> [TASK GOAL] Wherever the string "Steel" occurs in a line of these records, report that line.

> [RAW DATA]
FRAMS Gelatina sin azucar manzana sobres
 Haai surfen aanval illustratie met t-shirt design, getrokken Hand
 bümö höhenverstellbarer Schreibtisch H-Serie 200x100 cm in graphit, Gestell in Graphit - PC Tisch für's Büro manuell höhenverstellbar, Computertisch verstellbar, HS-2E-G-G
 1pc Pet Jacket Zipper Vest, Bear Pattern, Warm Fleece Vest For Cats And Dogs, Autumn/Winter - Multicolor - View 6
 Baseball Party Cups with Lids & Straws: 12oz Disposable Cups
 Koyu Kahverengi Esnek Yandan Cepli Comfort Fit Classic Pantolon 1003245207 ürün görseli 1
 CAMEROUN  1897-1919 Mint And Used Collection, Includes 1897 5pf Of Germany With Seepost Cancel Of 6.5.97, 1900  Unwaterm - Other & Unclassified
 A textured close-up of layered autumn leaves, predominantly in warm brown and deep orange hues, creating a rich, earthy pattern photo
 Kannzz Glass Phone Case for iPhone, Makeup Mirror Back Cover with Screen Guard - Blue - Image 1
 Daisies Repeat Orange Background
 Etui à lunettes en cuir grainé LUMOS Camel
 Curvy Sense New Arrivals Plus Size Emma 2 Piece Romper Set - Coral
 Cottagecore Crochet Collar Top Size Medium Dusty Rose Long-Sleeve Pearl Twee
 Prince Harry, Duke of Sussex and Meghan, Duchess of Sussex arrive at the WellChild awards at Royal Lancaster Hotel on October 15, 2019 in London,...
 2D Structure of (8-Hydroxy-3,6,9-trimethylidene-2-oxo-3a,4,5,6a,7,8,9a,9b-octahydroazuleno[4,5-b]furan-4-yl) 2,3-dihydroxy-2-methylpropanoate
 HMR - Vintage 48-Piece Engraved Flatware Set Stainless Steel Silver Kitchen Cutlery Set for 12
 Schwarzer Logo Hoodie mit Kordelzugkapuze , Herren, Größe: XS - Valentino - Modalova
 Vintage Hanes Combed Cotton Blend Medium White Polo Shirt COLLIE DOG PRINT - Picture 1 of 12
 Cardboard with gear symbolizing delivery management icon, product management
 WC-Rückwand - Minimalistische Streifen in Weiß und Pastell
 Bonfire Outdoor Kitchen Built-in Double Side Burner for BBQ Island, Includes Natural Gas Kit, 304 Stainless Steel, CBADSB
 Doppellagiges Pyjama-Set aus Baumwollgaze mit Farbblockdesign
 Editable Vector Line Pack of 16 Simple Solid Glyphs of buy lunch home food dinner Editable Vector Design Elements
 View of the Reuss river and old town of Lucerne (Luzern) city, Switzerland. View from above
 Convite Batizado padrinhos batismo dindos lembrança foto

> [SOLUTION BELOW]
 HMR - Vintage 48-Piece Engraved Flatware Set Stainless Steel Silver Kitchen Cutlery Set for 12
 Bonfire Outdoor Kitchen Built-in Double Side Burner for BBQ Island, Includes Natural Gas Kit, 304 Stainless Steel, CBADSB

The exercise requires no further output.